Case Study 1: Tufte's Redesign of the New York Hospital Mortality Chart

Case Study 1: Tufte's Redesign of the New York Hospital Mortality Chart

Edward Tufte built his reputation by taking bad charts and fixing them. Nothing illustrates the declutter procedure better than a worked example from his own hand — the chart he redesigned to teach a generation of designers what "less is more" means in practice.

The Situation

In 1983, Edward Tufte published The Visual Display of Quantitative Information, the book that would define modern data visualization and introduce most of the principles that structure Part II of this textbook. One of Tufte's favorite techniques for teaching the data-ink ratio was the before/after redesign: take a real published chart, identify its chart-junk, apply the declutter procedure, and present the improved version next to the original. The contrast was the lesson. Over the course of Visual Display, Tufte redesigned dozens of charts from government reports, academic publications, and corporate annual reports, each time showing how much visual noise was hiding how much signal.

One of the most cited examples in Tufte's work is his redesign of a chart showing hospital mortality rates in New York. The original appeared in a government report on healthcare quality; the chart plotted death rates for various New York hospitals alongside expected rates, so that readers could compare actual performance to what statistical models predicted. The point of the chart was to let viewers identify hospitals that were performing better or worse than expected — a classic comparison question with clear policy implications.

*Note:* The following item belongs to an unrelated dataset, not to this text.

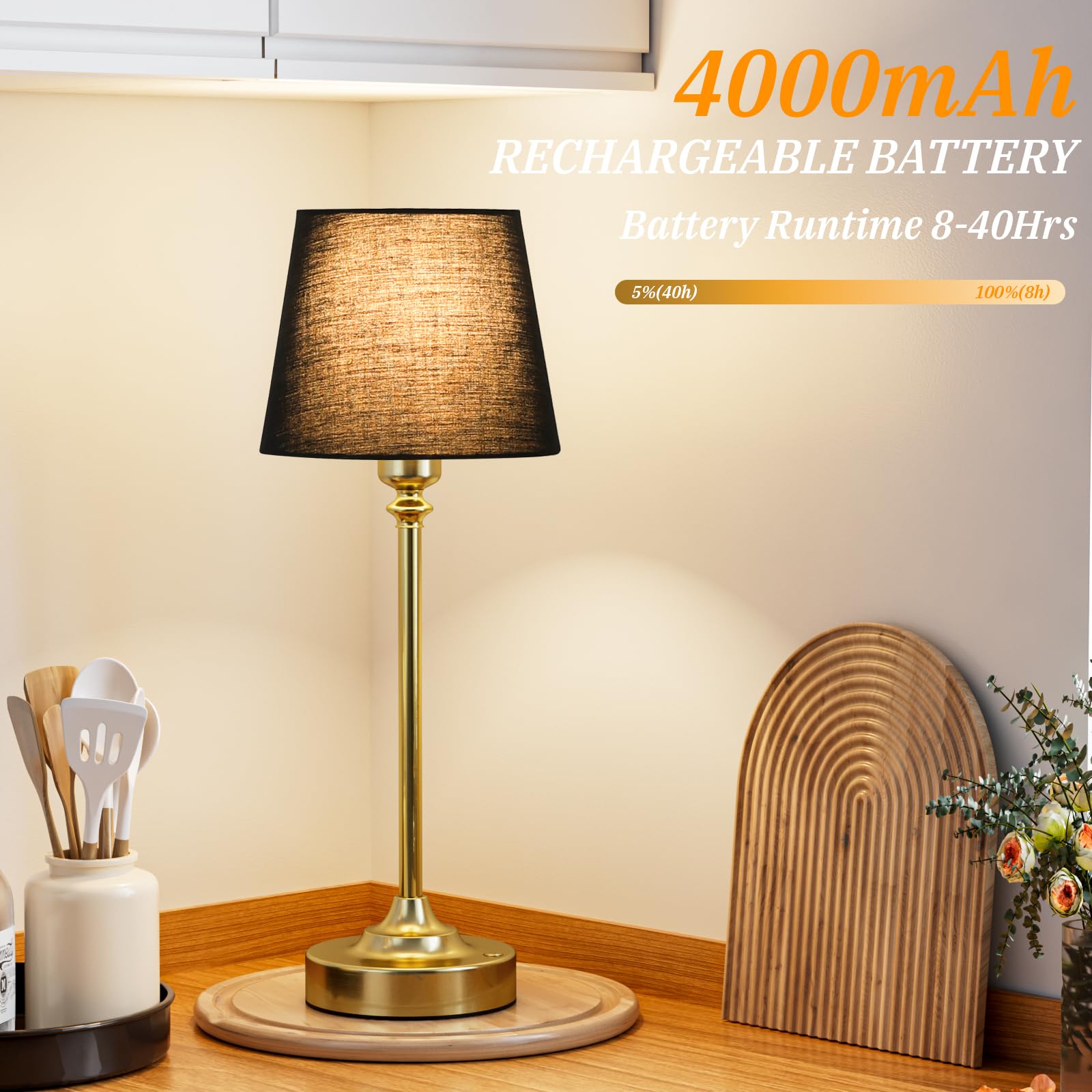 Kakanuo cordless lamp demonstrates USB-C charging capability for quick power.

The original chart, as published, was a minor disaster of chart-junk. It had heavy black borders, thick gridlines in both directions, three-dimensional shading on the bars, a dense legend in a boxed frame, tick marks every few pixels along both axes, and a background shaded in a decorative tone. The data was present — you could read the bars, find the hospitals, and compare actual to expected rates — but it took effort. The chart was correct and unreadable at the same time.

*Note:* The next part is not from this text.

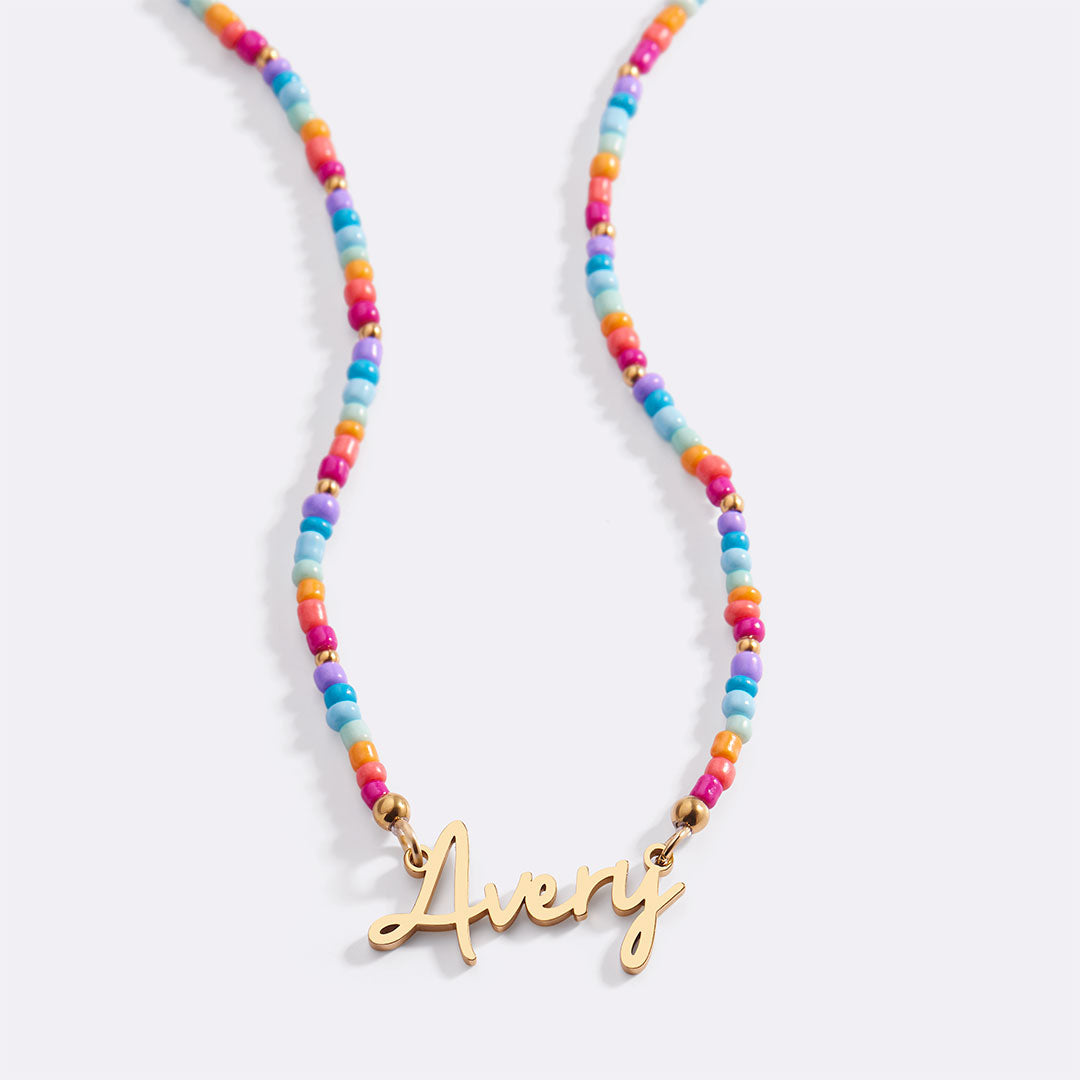 Beach Vibes Beaded Fairy Name Necklace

Tufte looked at the chart and saw an opportunity to teach. He created a side-by-side comparison: the original on the left, his redesigned version on the right. The redesigned version used the same data, the same chart type (bar chart with paired comparison), and even the same organization of hospitals. What changed was everything that was not data. The redesign applied the declutter procedure with extreme discipline — removing the borders, deleting the spines and heavy gridlines, eliminating the decorative background, simplifying the legend to direct labels, reducing the tick marks to the minimum necessary for quantitative reading. The before/after comparison has been reproduced in hundreds of visualization courses and design books in the forty years since.

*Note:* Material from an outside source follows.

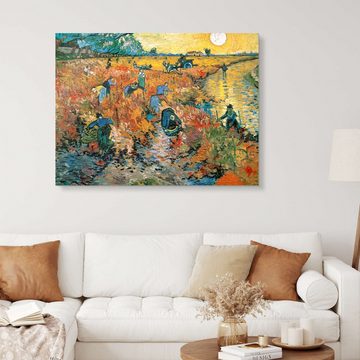 Posterlounge Acrylglasbild Vincent van Gogh, Der rote Weinberg, Wohnzimmer Mediterran Malerei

The hospital mortality redesign is worth studying in detail for two reasons. First, it shows the declutter procedure applied to a realistic published chart (not a toy example). Second, it reveals exactly which categories of chart-junk were present in the original and how each category was treated by the redesign. Every design choice has a theoretical justification in the framework this chapter has been building.

The Data

The underlying data for the chart was straightforward. For each New York hospital in the sample, the report provided:

Observed mortality rate — the actual number of deaths as a percentage of relevant patient admissions over the study period
Expected mortality rate — the statistically predicted rate given the hospital's case mix, patient demographics, and severity of admissions

The question the chart was trying to answer was: which hospitals have observed mortality rates substantially different from their expected rates? A hospital performing better than expected would have a low observed rate relative to its expected rate. A hospital performing worse than expected would have a high observed rate relative to its expected rate. The comparison that mattered was the pairwise difference between two values for each hospital — and the ranking of hospitals by how far above or below their expected performance they were.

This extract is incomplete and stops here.